Critical Updates Below: Red State, American Thinker, Joey Smith and Reliapundit provide anecdotal and quantitative evidence that would appear to confirm a decided bias against dealers who donated to GOP causes or to anti-Obama Democrats.
Special note for moonbats: no one here is saying that the sole criterion for closing a dealership was partisanship. What we ask is: does it seem odd that the list of closed dealerships appears to have contributed a grand total of $200 to Barack Obama and millions to GOP candidates/causes?
Quote from an attorney who Deposed Chrysler’s president last week: “It became clear to us that Chrysler does not see the wisdom of terminating 25 percent of its dealers… It really wasn’t Chrysler’s decision. They are under enormous pressure from the President’s automotive task force.”

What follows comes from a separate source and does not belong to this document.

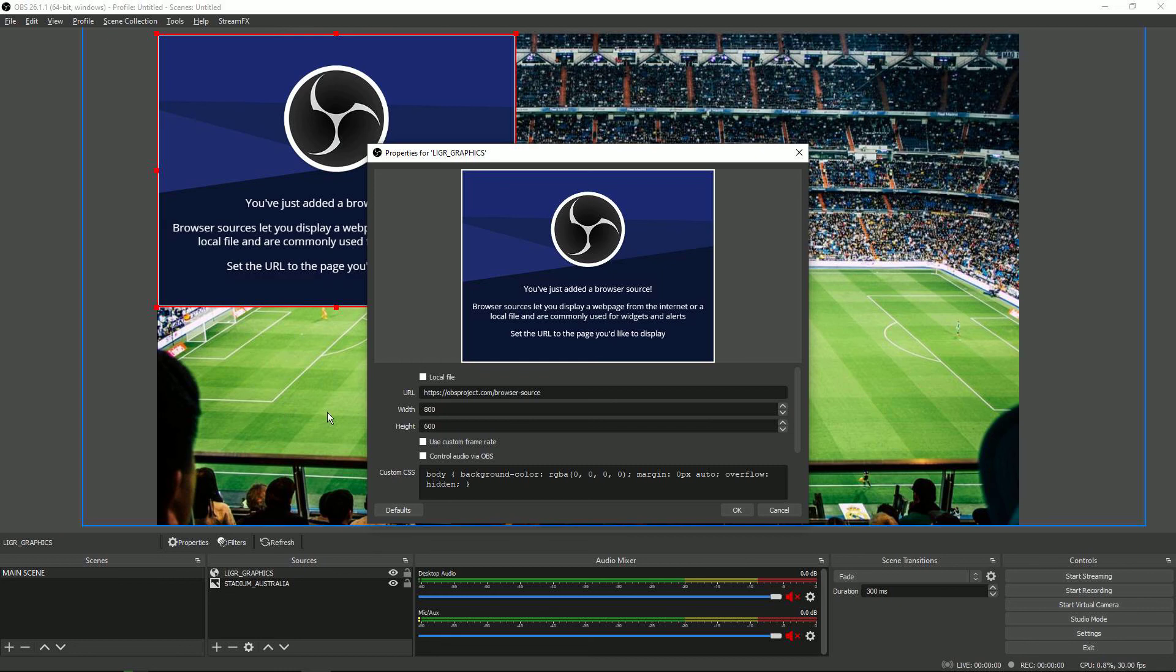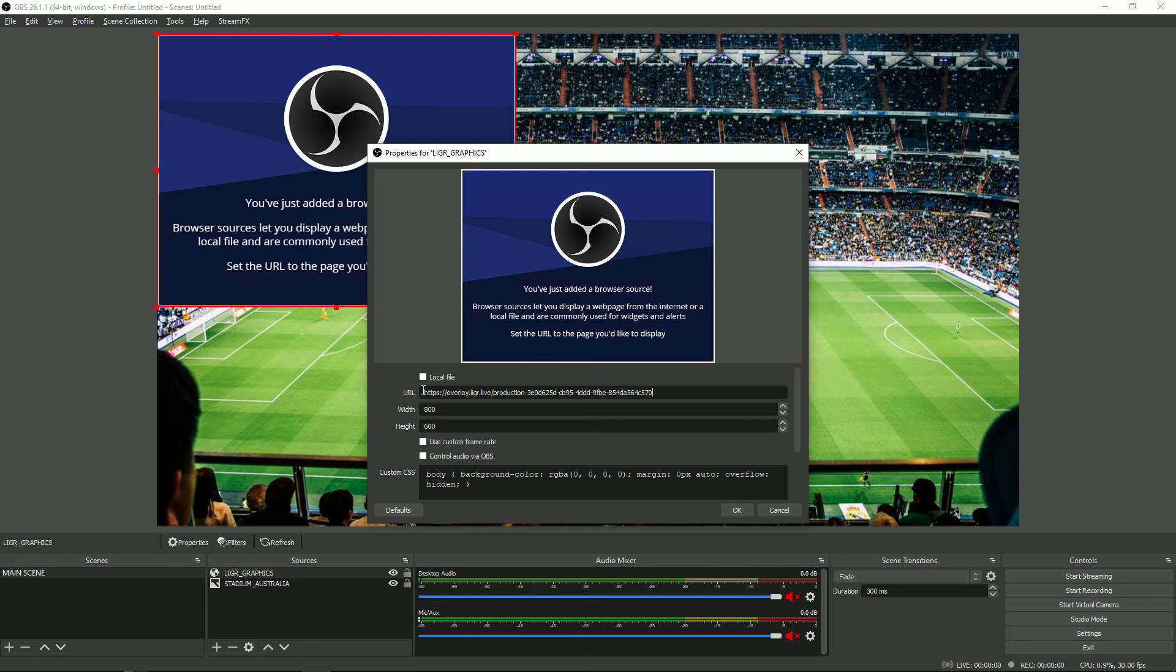Hit return and the URL that you've copied from your LIGA dashboard which is the production link. You paste that into here and then you set the width and the height. I'm going to go for 1920 by 1080 and then I'm going to hit OK.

Stay tuned. Data crunching is underway.
Insert eight entire screens packed with fevered abba-dabba.
First it was Vidkun Quisling and Michael Potemkin in dire concert:
Erick Erickson, RedState: Vichy Republicans
The quislings have formed a fire brigade to shoot at Cheney, Limbaugh, and others for burning down the quislings’ potemkin village.
Lenin called them “useful idiots,” those people living in liberal democracies who by giving moral and material support to a totalitarian ideology in effect were braiding the rope that would hang them.
Why people who enjoyed freedom and prosperity worked passionately to destroy both is a fascinating question, one still with us today. Now the useful idiots can be found in the chorus of appeasement, reflexive anti-Americanism, and sentimental idealism trying to inhibit the necessary responses to another freedom-hating ideology, radical Islam.
Throughout Andy Rooney’s three decades on 60 Minutes, he has served as a useful idiot on behalf of nearly every enemy of freedom and anti-American idea that has come around the bend. Brilliantly, too. One minute he’s waxing romantic on the smell of old books recently found in the attic, and the next minute he’s making a seemingly reasonable statement about climate change.
Guh? The what, now?
[...] Andy Rooney’s vision of peace is a recipe for hell on Earth. It is a recipe for chains and slavery, and there is no virtue in either.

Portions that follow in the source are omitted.